If we have no peace, it is because we have forgotten that we belong to each other.” - Mother Theresa
While working a yoga and writing retreat in Tulum, Mexico last month, I decided to take advantage of the resort’s renowned spa services. As I waited in the resort spa reception area for my masseuse, I took a moment to look at my email.
I see an email from my ex.
Don't read it. Don't read it! Don't read it!! You are about to spend an uncertain amount of dollars (I can never get the pesos to dollar conversion right) to improve your mood and relax. Don't sabotage it!
But I ignore my better self and read the email.
I feel the tick tock of my heart as molten lava rises to my forehead.
"Oh yeah?" I must have said this out loud because the Spanish speaking spa receptionist looked at me strangely. I pointed at my phone and shook my head "no" so she would understood I wasn't talking to her.
I started typing an email response and quickly sent it before I can talk myself out of it.

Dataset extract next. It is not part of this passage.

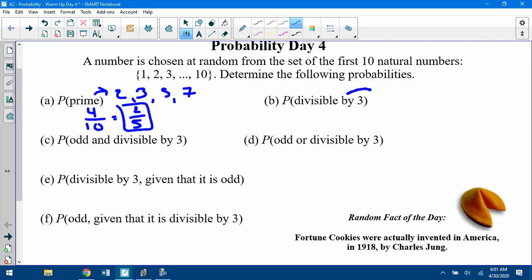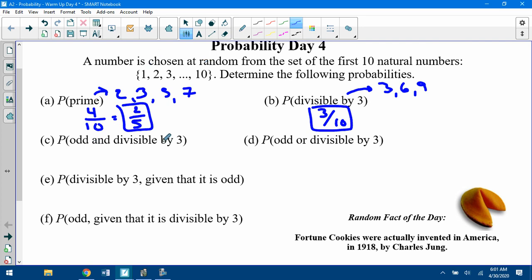Probability divisible by 3: from 1 through 10, those are 3, 6, and 9 — so 3 out of 10. Odd and divisible by 3: divisible by 3 gives 3, 6, 9; the ones that are also odd are 3 and 9. So that's 2 out of 10, or 1/5.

God that felt good. Even though I meditate, practice yoga and try to be grateful, sometimes I just get fatigued from the higher road and need to call a spade a spade.
But now that I have read and responded to the offensive email, how am I going to keep this incident from sabotaging my day, demeanor and diet?
I will try to dip into the peace that passes all understanding. Oh, where did I leave it?
Ah there it is. Between the past and the future in a little cove called "The Moment."
I close my eyes and take notice of my breath. It is rapid and centered in my chest. I redirect my breath to my belly and begin "the Peace that Passes All Understanding" breathing practice - remembering that if I can't experience peace - maybe dreaming about it being possible is enough.
The Peace that Passes All Understanding Breathing Practice
Breathe in, let the past go on the exhale.
Breathe in, let the future go on the exhale.
Breathe in, on the exhale - engage mindfulness tools (touch fingers to thumb, notice sounds, feel the light through your eyelids, etc.).
Repeat as needed.
After practicing, I feel a little bit better. But my mind still wanders - ending up deep in my heart where my father resides. Every service he presided over as a minister ended with a benediction that included the "the peace that passeth all understanding" phrase. This phrase is from the New Testament (Phillippians 4:7) but the concept of transformative peace is found in numerous religions including Buddhism, Muslim and Judaism.
The spa tech who has come to take me to the therapy room takes one look at me and asks, "Is something wrong?"
"No I am fine," I reply.
I can almost hear her say, "Liar." Why did I pick a reiki specialist for my deep tissue massage?
As I lay down on the massage table I am reminded of the day my father was buried.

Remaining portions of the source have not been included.